• **Work instructions**:
Using the data below, print exactly the line with "E-sports usb com", the line with "DREHTÜRENSCHRANK - Wildeiche", and every line between them, but none of the pictures.

• **Data**:
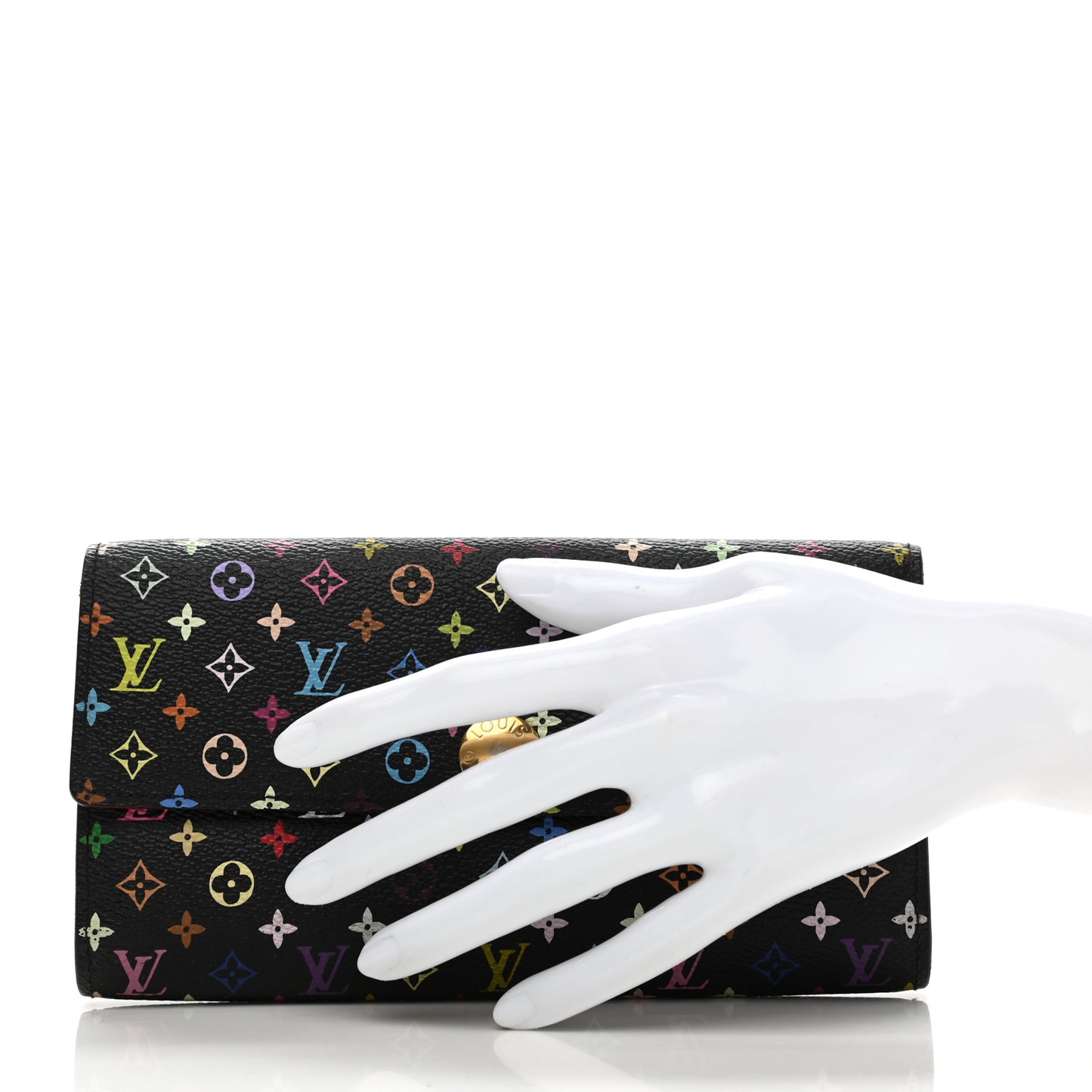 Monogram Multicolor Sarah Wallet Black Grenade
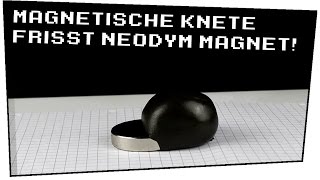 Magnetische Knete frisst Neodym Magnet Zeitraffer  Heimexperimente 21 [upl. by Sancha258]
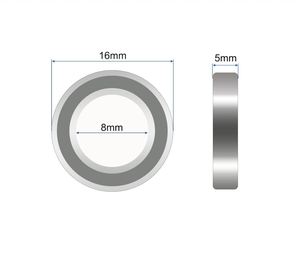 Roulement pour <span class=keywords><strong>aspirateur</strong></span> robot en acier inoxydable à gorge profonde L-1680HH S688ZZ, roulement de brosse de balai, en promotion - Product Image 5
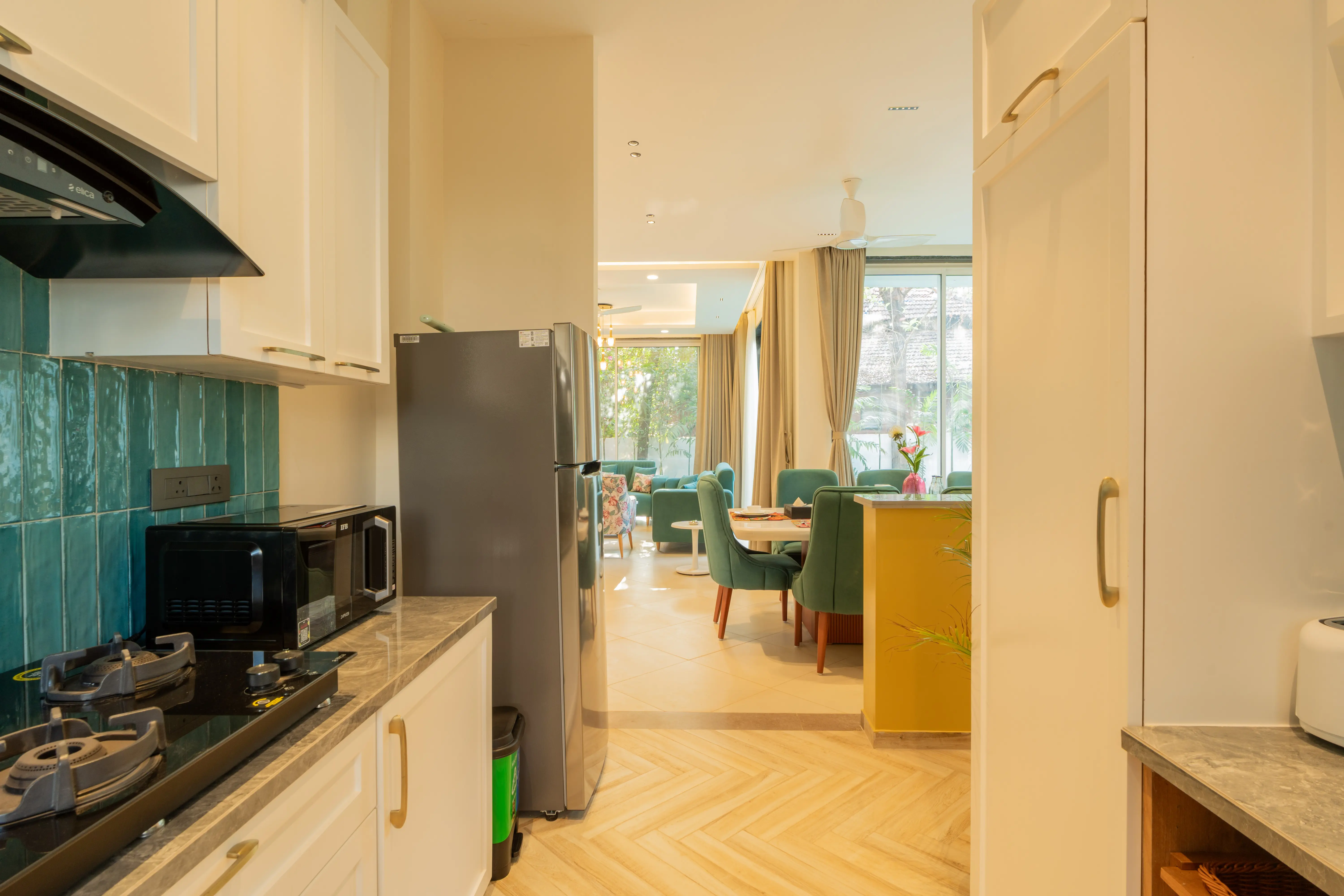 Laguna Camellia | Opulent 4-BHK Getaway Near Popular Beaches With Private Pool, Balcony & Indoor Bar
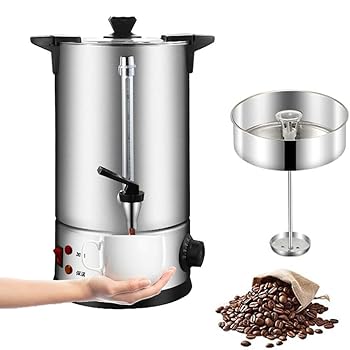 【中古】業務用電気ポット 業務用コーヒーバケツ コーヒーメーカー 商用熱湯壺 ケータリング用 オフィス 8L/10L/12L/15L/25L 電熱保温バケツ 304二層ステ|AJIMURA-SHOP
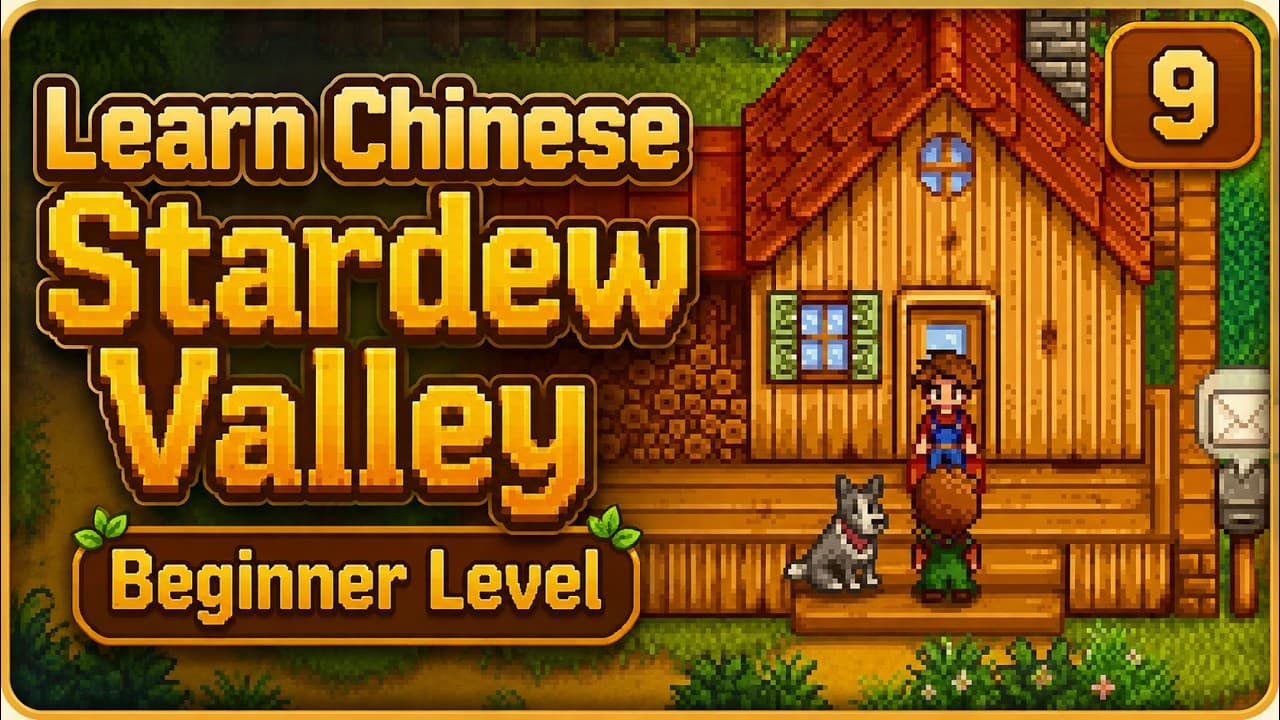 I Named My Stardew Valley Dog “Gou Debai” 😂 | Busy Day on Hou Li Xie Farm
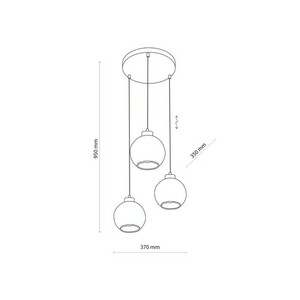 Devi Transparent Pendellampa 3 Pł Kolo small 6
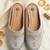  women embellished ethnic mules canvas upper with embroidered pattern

==

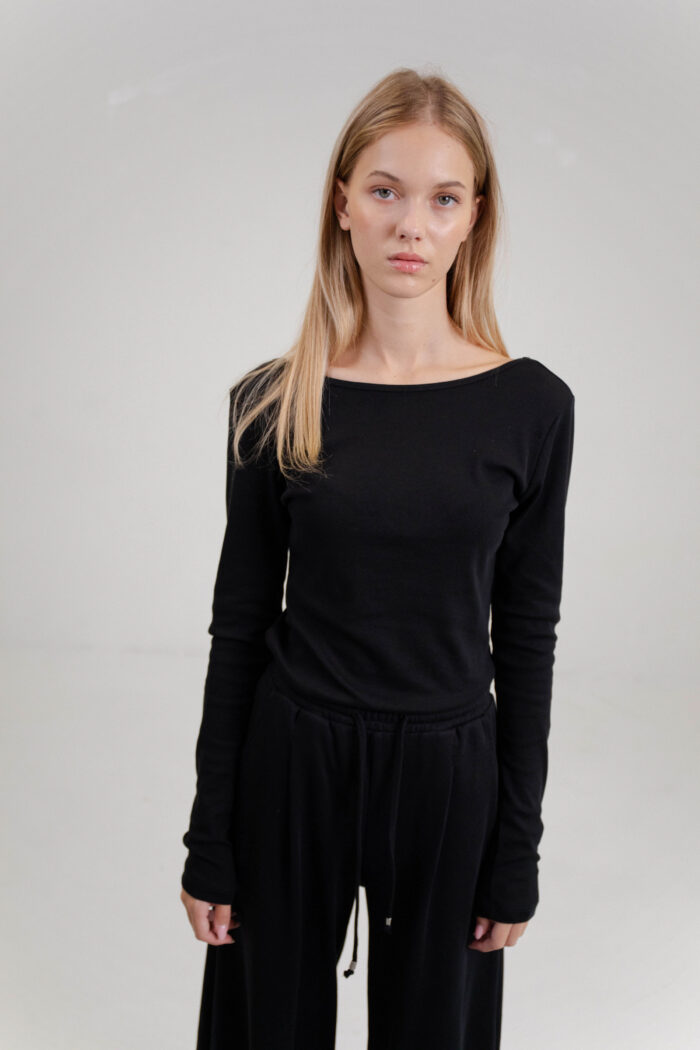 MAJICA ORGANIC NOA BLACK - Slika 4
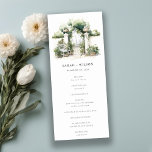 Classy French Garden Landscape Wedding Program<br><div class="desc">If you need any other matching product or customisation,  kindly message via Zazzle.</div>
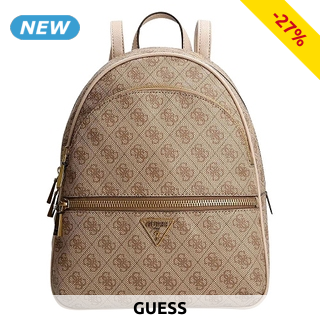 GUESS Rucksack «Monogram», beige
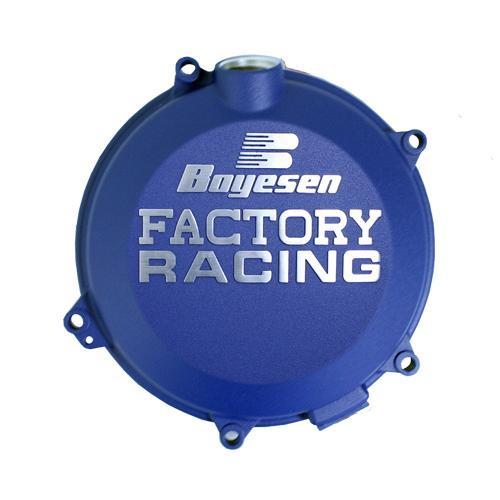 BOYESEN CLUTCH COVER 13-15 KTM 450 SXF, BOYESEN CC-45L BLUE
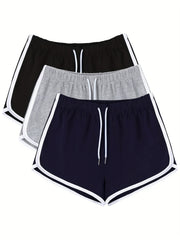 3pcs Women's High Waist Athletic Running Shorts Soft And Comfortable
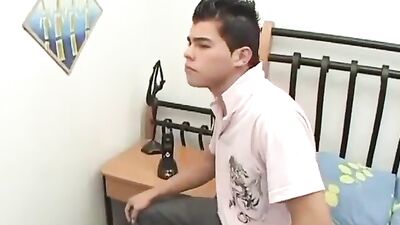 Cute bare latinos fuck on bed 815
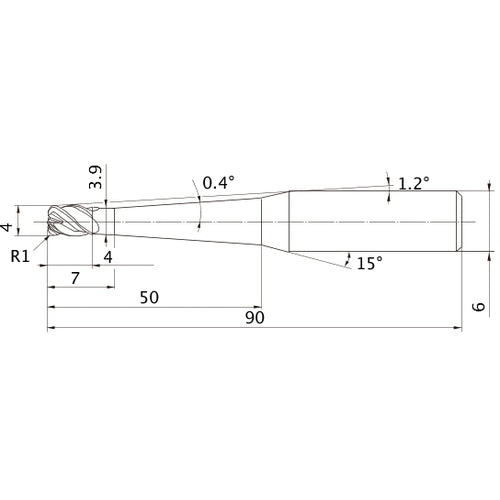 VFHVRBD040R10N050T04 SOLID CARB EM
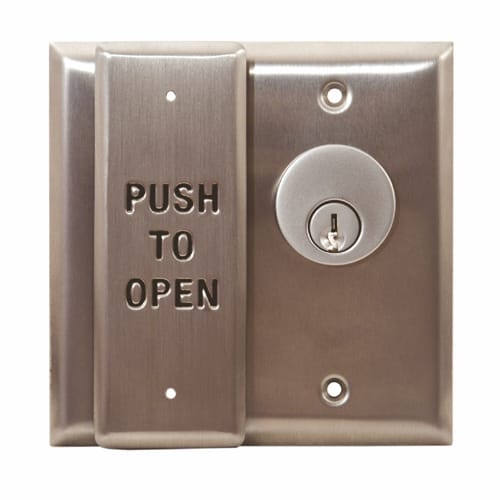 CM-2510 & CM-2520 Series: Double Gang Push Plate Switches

---

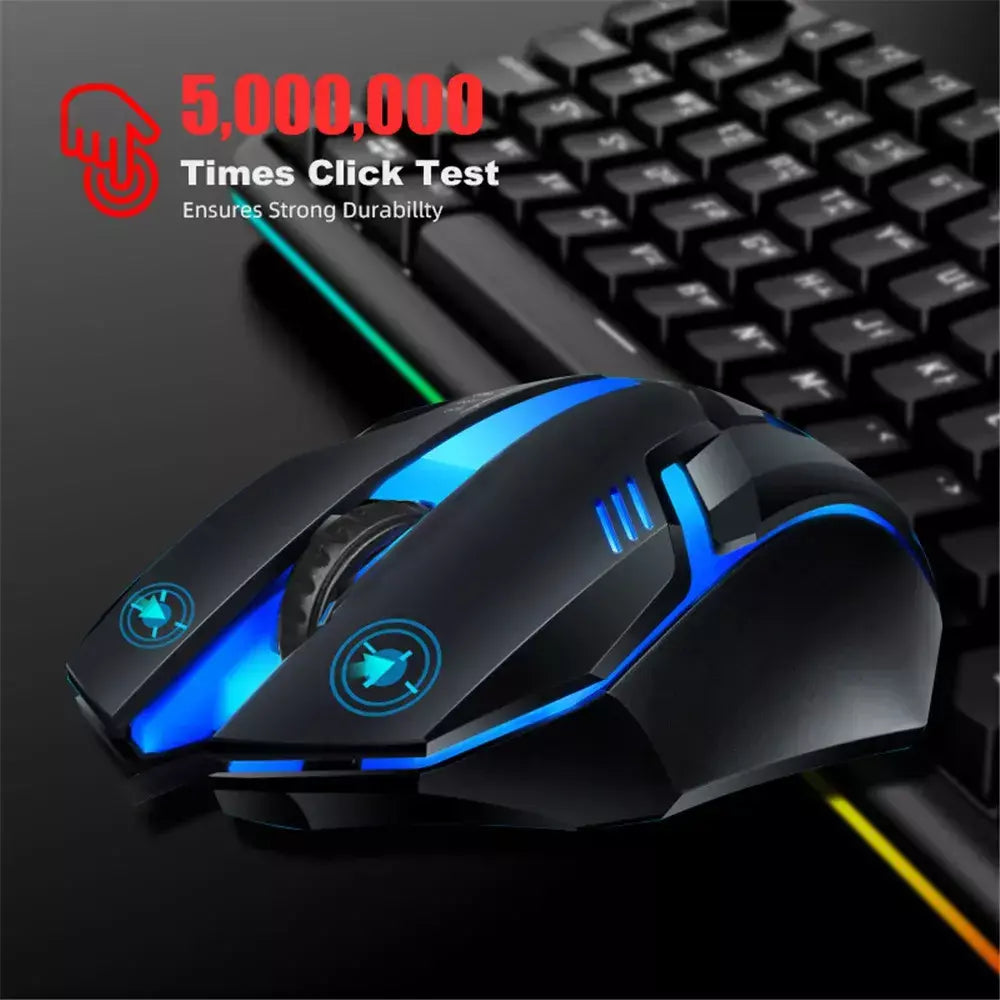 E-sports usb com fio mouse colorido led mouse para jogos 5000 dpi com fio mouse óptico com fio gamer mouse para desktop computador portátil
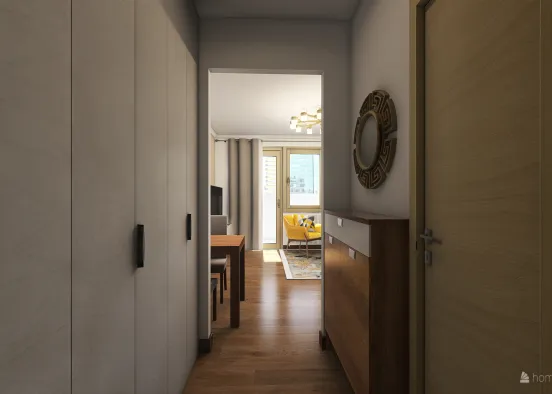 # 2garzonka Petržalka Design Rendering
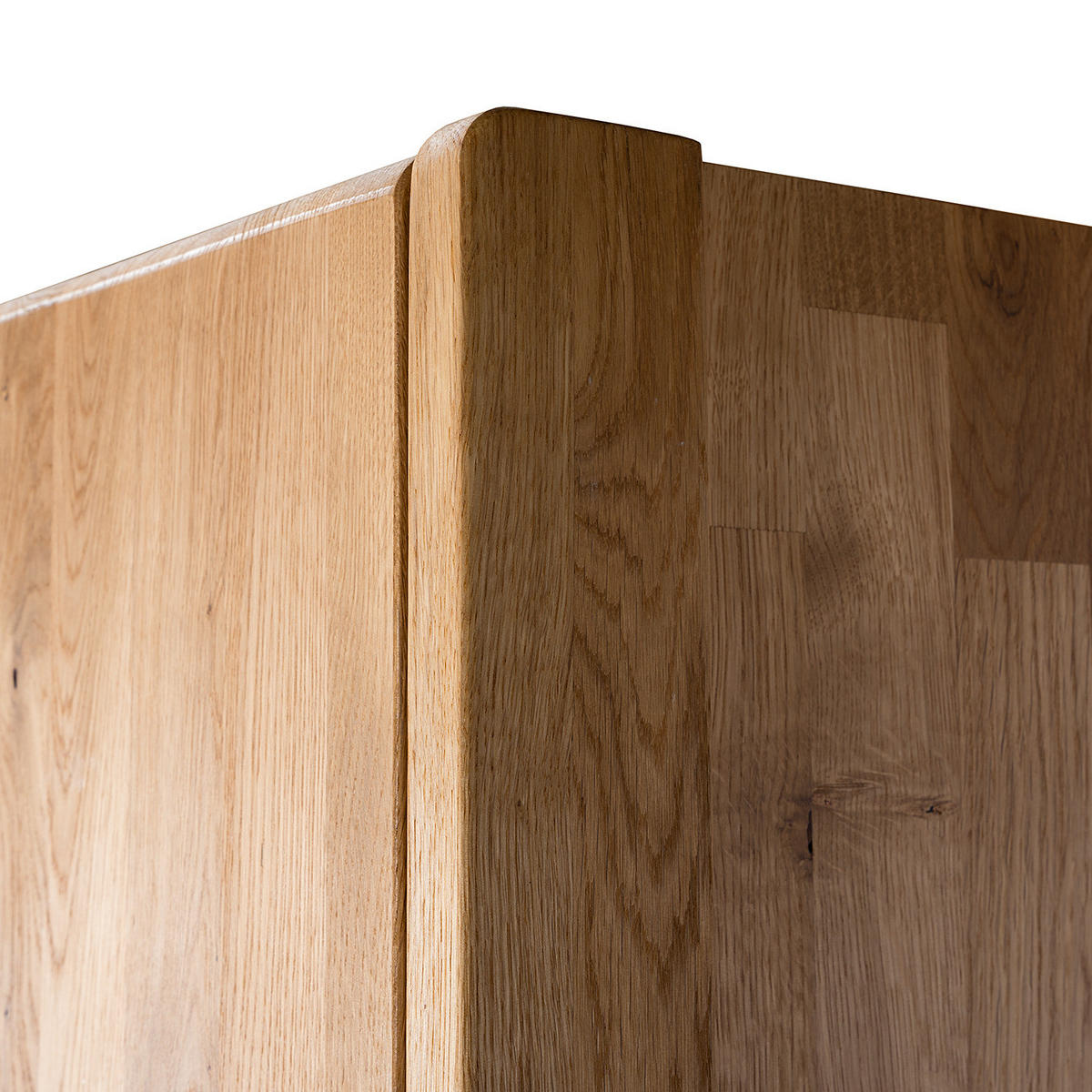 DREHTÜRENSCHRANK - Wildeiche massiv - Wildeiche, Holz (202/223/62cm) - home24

• **Exercise answer**:
 E-sports usb com fio mouse colorido led mouse para jogos 5000 dpi com fio mouse óptico com fio gamer mouse para desktop computador portátil
 # 2garzonka Petržalka Design Rendering
 DREHTÜRENSCHRANK - Wildeiche massiv - Wildeiche, Holz (202/223/62cm) - home24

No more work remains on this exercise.